Love of farming is winning bid in life's auction
It’s no wonder Lyle Leppke loves doing farm and farm equipment auctions, farm appraisals, and talking with farm people.
He’s a fourth generation Marion County farmer who operates his own farm raising cattle, wheat, corn, soybean, hay, and milo on close to 1,000 acres south of Marion.
He grew up on his parents’ farm, then bought his own land in 1985.
Leppke started in the auction business in 1984 while he was an agriculture student at Kansas State University.
He would go to the sale barn at Herington and auction goats.
Between appraisals and auctions, there’s no portion of the county Leppke hasn’t seen.

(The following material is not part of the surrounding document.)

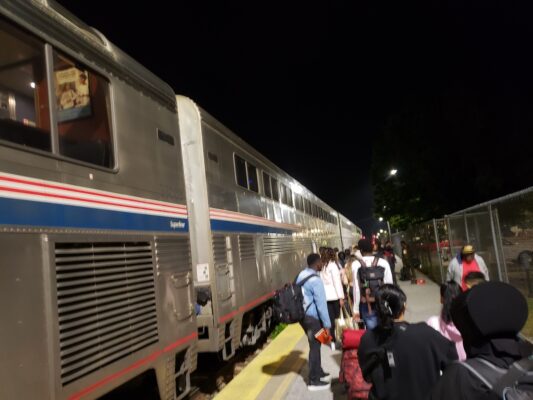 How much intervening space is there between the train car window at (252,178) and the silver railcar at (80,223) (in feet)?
11.8

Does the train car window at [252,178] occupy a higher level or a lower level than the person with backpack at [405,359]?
higher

“”I would say there are very few roads I haven’t driven down and very little land I don’t know something about,” Leppke said.
It’s hard for Leppke to say whether he loves the agricultural life or the auction life better.
Although he started early in life working on his father’s farm, he accompanied his father to auctions where his father bought cattle for customers.
“I take care of other people first,” Leppke said.
Sometimes the cattle don’t get fed until he comes home after an auction.
Leppke said the best thing about his auction business is the connection with his customers and neighbors.
“When I go sit down at a table for breakfast or lunch, I can look around and see people I know and sit down and talk to them,” he said.
When he loses that connection with people, he might as well stop, he said.
Despite Leppke’s love of agriculture, his sons haven’t followed his footsteps.
“I probably didn’t do a good enough job of taking them out on the tractor,” he said. “My boys, they saw the hours and the work.”